A vibration transducer mounted on the gearbox is used to automatically stop the test rig when the broadband r.m.s. vibration magnitude increases beyond a threshold, indicating that gear surface fatigue damage has occurred. The gearbox is also automatically stopped if there is a loss of oil flow to either the slave gearbox or the test gears, if the test gear oil overheats, or if there is a loss of seal gas pressurization.

The test gears were run with the tooth faces offset by a nominal 3.3 mm (0.130 in.) to give a surface load width on the gear face of 3.0 mm (0.120 in). The actual tooth face offset for each test is based on the measured face width of the test specimen, and the offset is verified upon installation using a depth gage. The nominal 0.13-mm- (0.005-in.-) radius edge break is accounted for to calculate load intensity. All tests were run-in at a load (normal to the pitch circle) per unit width of 123 N/mm (700 lb/in.) for one hour. The load was then increased to the desired test load. For the uncoated gears, all tests were conducted using a test load of 580 N/mm (3300 lb/in.), which resulted in a 1.7-GPa (250-ksi) pitch-line maximum Hertz stress. For the coated gears, six tests were conducted at the same test load as was used for the uncoated gears while eight tests were conducted using a test load of 720 N/mm (4100 lb/in.) which resulted in a 1.9-GPa (280-ksi) pitch-line maximum Hertz stress. The Hertz stress just stated is an idealized stress index assuming static equilibrium, perfectly smooth surfaces, and an even pressure distribution across a 2.79 mm (0.110 in.) line contact (the line length is less than the face width allowing for the face offset and the radius edge break).

Typical dynamic tooth forces using the same rigs and gears of the same specification have been measured (Krantz, [10]), and the results are provided in Figure 3. The tooth forces reported in Fig. 3 are the dynamic forces normal to the tooth surface for a nominal pitch-line test load intensity of 580 N/mm (3300 lb/in.). The contact force used for stress calculations for such load intensity was 1720 N (387 lb). This value for the contact force is the value required for static equilibrium, and it is somewhat less than the measured dynamic forces.

Test Results and Discussion

Results of the gear surface fatigue testing are summarized in Table 5. A total of 29 tests were completed, 15 tests using the uncoated gears and 14 tests using the coated gears. All of the baseline tests were conducted at a Hertzian stress index of 1.7 Gpa (250 ksi), with all tests resulting in failures. The range of duration for the tests using uncoated baseline gears was 25-272 million revolutions. The coated gears were tested at two loads. Six of the coated gears were tested at a Hertzian stress index of 1.7 GPa (250 ksi), and eight of the coated gears were tested at a stress index of 1.9 GPa (280 ksi). The range of duration for the tests using coated gears was 63-311 million revolutions, and 11 of the 14 tests were completed with no failure after at least 275 million revolutions.

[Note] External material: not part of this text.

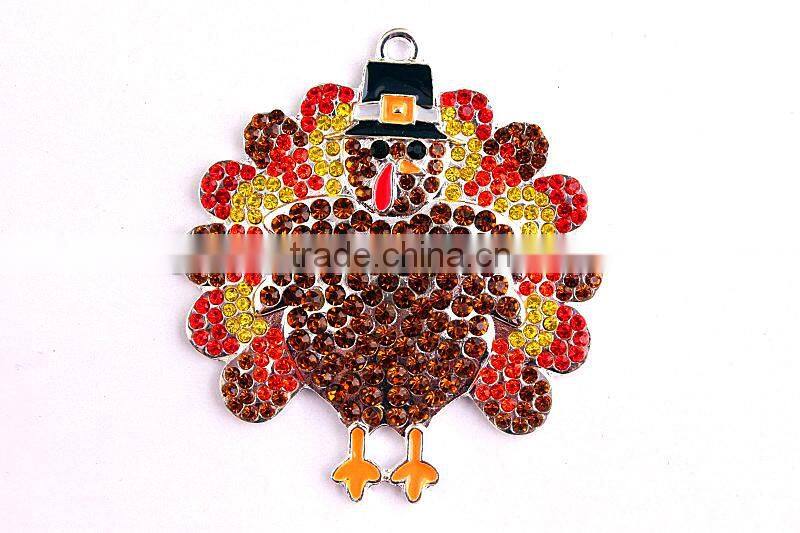 Factory Direct AAA Quality Fashion Easter Alloy hat rhinestone charming crystal pendants for kids jewelry making!!
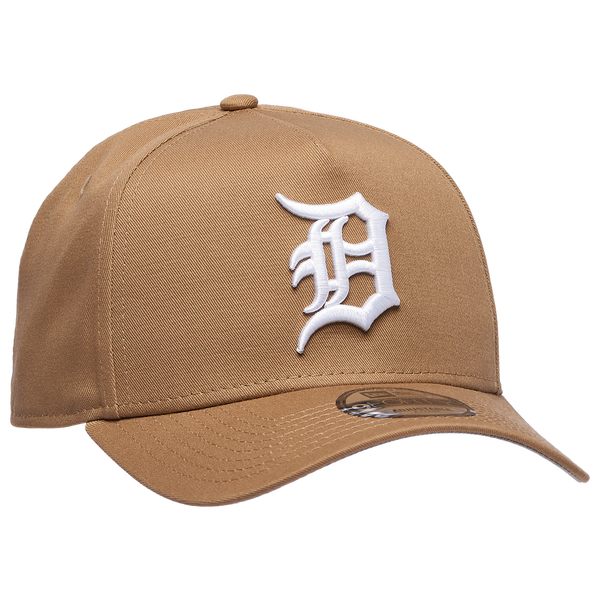 New Era Tigers A Frame Adjustable Cap - Men's - Khaki/White - Image 3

The distributions of the fatigue lives were modeled as two-parmeter Weibull distributions (Weibull, [22] and Hallinan, [23]). The fatigue lives are system lives, the system consisting of two identical gears. Tests that were suspended after pre-specified times showed no signs of impending failure, and so such tests were treated as right-censored life tests for the purpose of statistical analysis. It was decided not to estimate the slope of the coated gear population with only three failure data points. Instead, it was assumed that the coated and uncoated gears had life distributions with equal Weibull slope parameters. A likelihood ratio statistical test (Meeker and Escobar, [24]) was used to verify that the assumption of equal slopes was indeed a reasonable assumption. Software employing the maximum likelihood method (Krantz, [25]) was used to estimate the Weibull parameter values from the test data. Figure 4 is a Weibull plot displaying the test data and the lines representing the maximum likelihood fit Weibull distributions. Data points are plotted at the positions of exact median ranks (Jaquelin, [26]) with adjustments to the order numbers to account for suspended tests (Johnson, [27]). The results of the statistical analysis are summarized in Table 6. The 10-percent lives of the uncoated and coated gear populations were estimated to be 28×106 and 180×106 cycles, respectively.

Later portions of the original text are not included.